Quiero que nuestro oficio perviva, porque es necesario y debe ser siempre humano
Dedico estas letras y muchas otras al contagio masivo. En ese sentido tengo la suerte de hablar una vez al año en la asignatura de Traducción Literaria de último año de carrera, impartida por mi amigo y antiguo profesor (siempre maestro) Juan Gabriel López Guix, quien me invita a compartir mi vivencia profesional con sus alumnos. Aclaro a la audiencia universitaria que los traductores no tenemos los bolsillos muy llenos, pero que, lejos de instalarnos cómodamente en el victimismo del olvido, debemos hacer todo lo posible por visibilizar nuestra labor para ganar en reconocimiento y derechos. Me mueve el interés: quiero que nuestro oficio perviva, porque es necesario y debe ser siempre humano. Las máquinas ya están aquí, pero, por el momento, la inteligencia artificial no ha alcanzado el grado de locura imprescindible para desempeñar este oficio con el rigor necesario del caos creativo.

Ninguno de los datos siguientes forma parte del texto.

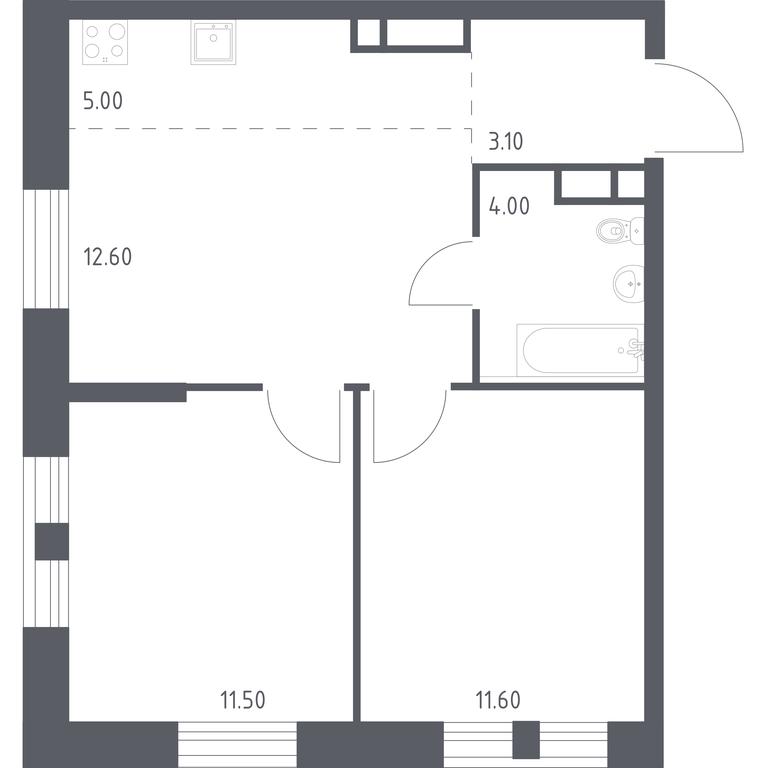 1-BD Apartment Sale, 47.8 sq. m. at Kvartal na Vode, Shosseynaya Street, 90с42, Moscow, Russia #1 1-BD Apartment Sale, 47.8 sq. m. at Kvartal na Vode, Shosseynaya Street, 90с42, Moscow, Russia #1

Cada año empiezo preguntando algo a los alumnos, porque revisito la universidad con muchas ganas de aprender en ese campo de infinitas posibilidades que es la juventud. Mi pregunta predilecta es: “¿Qué os trajo a esta facultad?” Puntualizo, por cierto, que las respuestas: “el tren”, “BlaBlaCar” o “mi madre/padre” son inadmisibles. La perplejidad cunde en las expresiones, aunque no tardo en sacudirla con mi dedo señalador de voluntarios. “A los doce años me empezó a gustar el mundo del manga y pensé en traducir lo que estaba leyendo”; “Me gusta escribir y en la traducción me regalan la inspiración”; “Siempre he querido ser diseñadora de moda, pero mis padres me dijeron que, como sé chino, estudiara traducción”; “Hice la carrera de filología, pero siempre había querido estudiar traducción”; “A mí me encanta leer y escribir, y la traducción me parece que combina ambas cosas”. Todas respuestas fascinantes, sencillamente, porque les han mantenido cuatro años estudiando el oficio. ¿Por qué?
Busco en las miradas interrogativas de esos estudiantes el brillo en los ojos de mis futuros colegas, y a ellos les sorprende que yo sienta auténtica avidez por lo que tienen que contar. Van cobrando vida razones germinadas por una vocación ya histórica: los traductores en camino desean compartir el conocimiento al que le dan acceso los idiomas; desean meterse en la piel de autores y géneros que admiran; quieren ser algo más que lectores, más que simples espectadores, más que consumidores pasivos de cultura. Afirman que la carrera les ha dado conciencia de lo que supondrá ejercer el oficio: la difícil responsabilidad de ser arte y parte. Los hay que la han vivido como el parvulario de la realidad, pues empiezan a dar sus primeros pasos profesionales y descubren que les queda mucho camino por recorrer. También están los dispuestos a dejarse llevar por la inercia de la inacción, pero ¿es eso algo distinto a lo que ocurre con otras opciones académicas? Hablo de mis futuros compañeros, insisto.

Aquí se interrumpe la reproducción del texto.